Annem hep der ki: “Siz çok şanslısınız, biz hiçbir şey görmeden yaşadık.” Bunu derken kastettiği teknolojinin nimetleri. Bizim erken görüp onun geç gördüğü şeyler: TV, elektronik aletler, internet vs. Ama ben annem gibi şanslı olduğumuzu düşünmüyorum. Keşke geceleri mum ışığında otursaydım da zamanın pisliklerini görmeseydim. Neler mesela? Birbirlerini parmaklayan liseli gençler, onların yanında her türlü küfür bilen “erkek fatma”lar, TV programında donunu indiren arsız showman’i alkışlayan insanlar…

İlkokulu zor bitiren ninelerimizin hikmet dolu sözlerini söyleyebilir mi yüksek lisansını yapmış, 2 dil bilen hanım kızlarımız? Kızlar 1 dakika, cinsel ayrımcılık yapmıyorum, aynı şey bizim için de geçerli, dedelerimizin tırnağı olamayız.
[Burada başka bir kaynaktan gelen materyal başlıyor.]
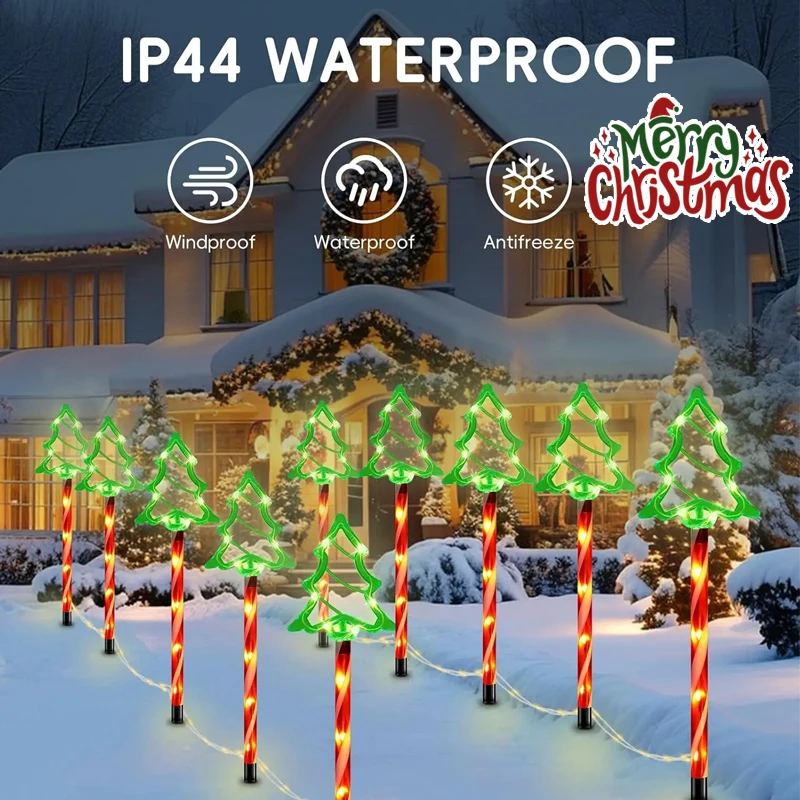 Outdoor Christmas Candy Cane Lights Waterproof LED Walking Path Tree Decorations for Festive Garden Landscape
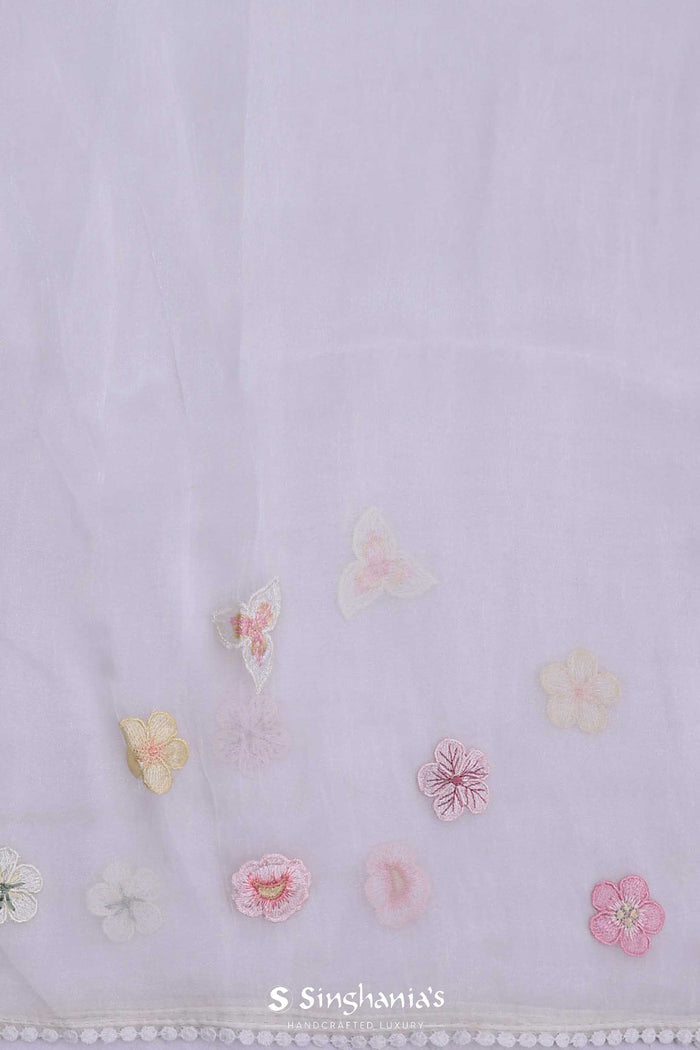 <img> White Organza Saree With Embroidery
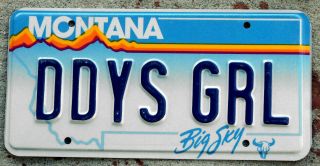 Montana Big Sky Buffalo Skull Vanity License Plate " Ddys Grl " Daddy 
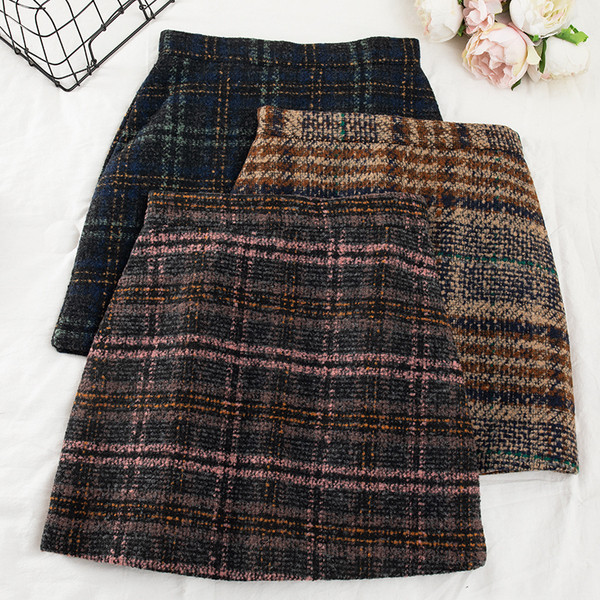 Téli kockás szoknya A-vonalú magas derékkal, barna, rózsaszín és kék színben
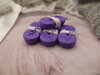 Bouton pelote de laine violette
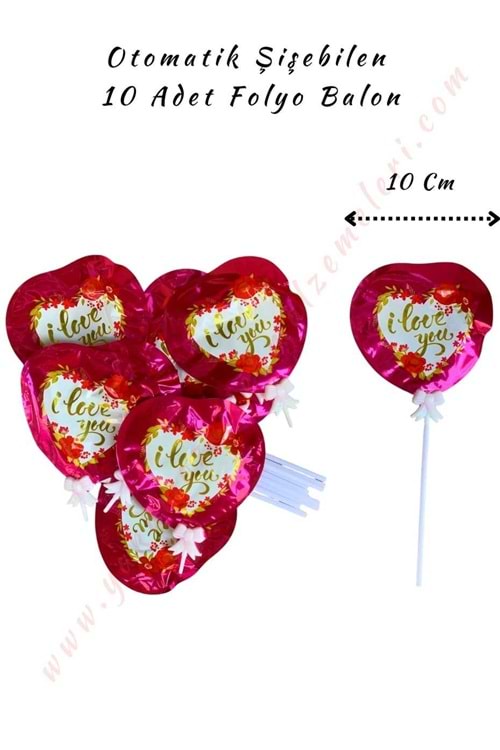 Kendi Kendine Şişen Folyo Balon 10 Adet YK-338 - Kırmızı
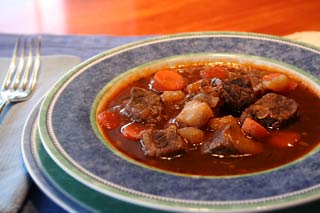 food -  A bowl of Irish Beff Stew.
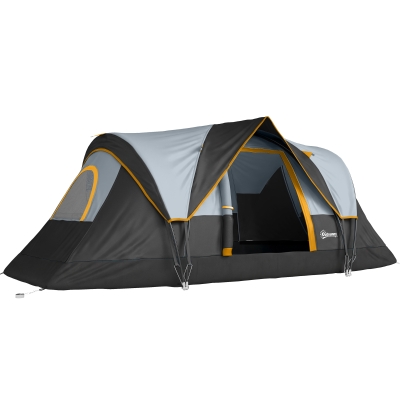 Outsunny Tente Familiale 5-6 Pers. 4,55x2,2x1,8m Gris/Noir
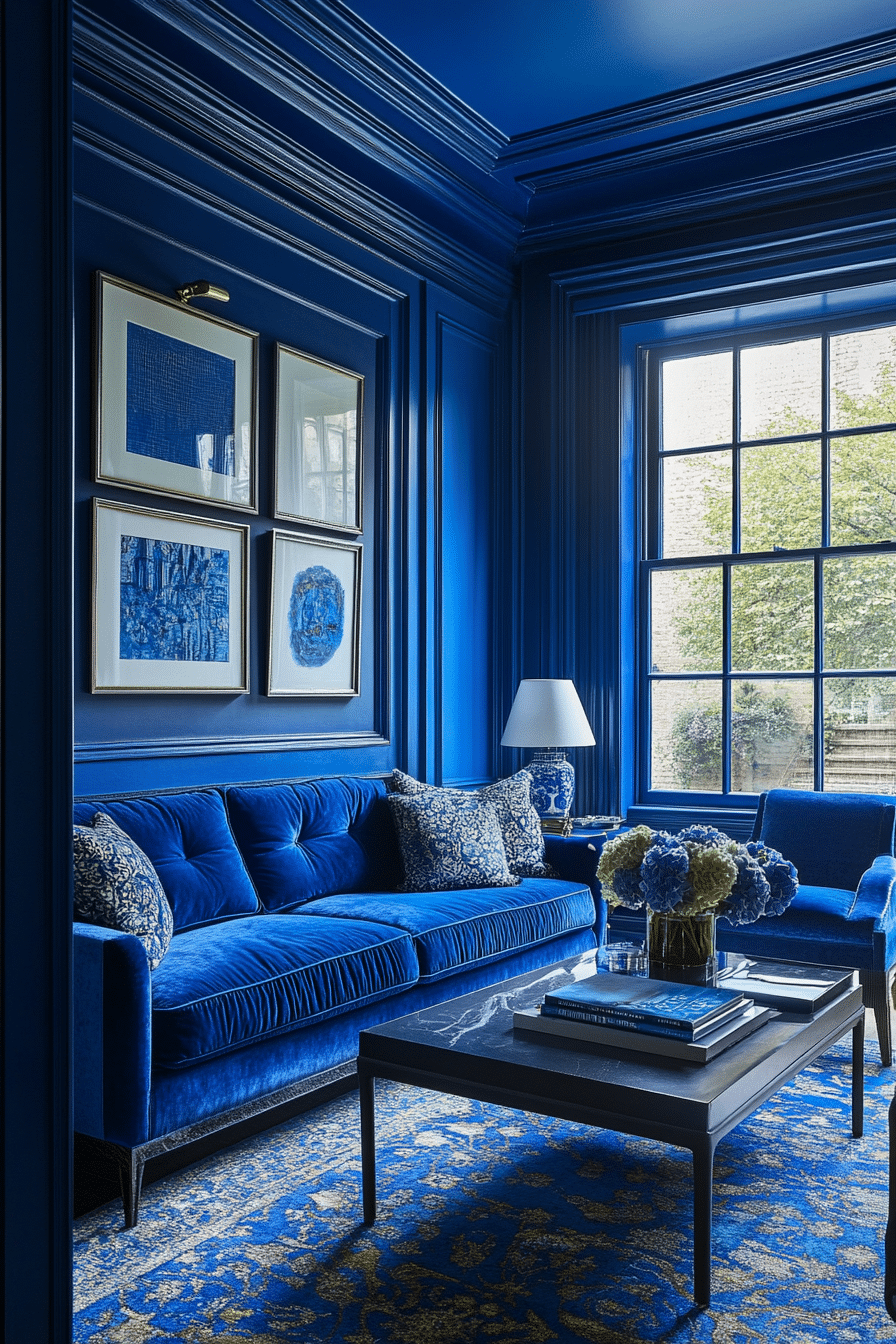 11. Monochromatic Blue Bliss (Royal Blue Living Room Ideas) - Royal Blue Living Room Ideas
Keşke buzdolabı görmeseydim, Google’da kendimi şanslı hissetmeseydim, Facebook nedir bilmeseydim, adım attığım her mekanda; yüzüme gülen, arkamdan söven, yapmacık insanlara rastlamasaydım. Diplomalı okumuş (yoksa okumamış mı?) cahillere laf anlatmaya çalışmasaydım.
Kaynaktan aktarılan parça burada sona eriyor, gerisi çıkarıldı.